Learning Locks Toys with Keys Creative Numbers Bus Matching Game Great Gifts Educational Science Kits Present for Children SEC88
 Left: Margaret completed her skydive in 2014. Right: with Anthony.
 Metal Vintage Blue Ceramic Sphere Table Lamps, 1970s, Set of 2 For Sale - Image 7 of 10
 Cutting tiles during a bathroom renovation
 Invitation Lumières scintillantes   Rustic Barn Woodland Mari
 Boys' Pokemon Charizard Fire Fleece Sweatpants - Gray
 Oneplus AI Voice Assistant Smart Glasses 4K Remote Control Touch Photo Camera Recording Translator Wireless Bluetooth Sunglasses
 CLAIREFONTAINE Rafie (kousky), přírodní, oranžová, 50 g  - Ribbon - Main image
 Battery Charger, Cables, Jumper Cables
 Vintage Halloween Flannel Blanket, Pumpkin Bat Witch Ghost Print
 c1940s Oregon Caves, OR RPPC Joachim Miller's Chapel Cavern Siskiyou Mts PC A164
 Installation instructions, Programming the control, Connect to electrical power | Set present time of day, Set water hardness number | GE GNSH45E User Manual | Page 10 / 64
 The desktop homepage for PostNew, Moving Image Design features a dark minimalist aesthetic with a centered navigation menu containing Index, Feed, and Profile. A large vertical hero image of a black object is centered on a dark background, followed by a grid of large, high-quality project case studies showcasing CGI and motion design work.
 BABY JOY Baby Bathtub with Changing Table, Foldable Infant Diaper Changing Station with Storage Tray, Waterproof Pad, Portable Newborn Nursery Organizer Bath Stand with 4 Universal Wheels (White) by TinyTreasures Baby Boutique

========================================

:: Exercise brief ::
Return a copy of each line of the material that holds the word "Table".

:: Task solution ::
 Metal Vintage Blue Ceramic Sphere Table Lamps, 1970s, Set of 2 For Sale - Image 7 of 10
 BABY JOY Baby Bathtub with Changing Table, Foldable Infant Diaper Changing Station with Storage Tray, Waterproof Pad, Portable Newborn Nursery Organizer Bath Stand with 4 Universal Wheels (White) by TinyTreasures Baby Boutique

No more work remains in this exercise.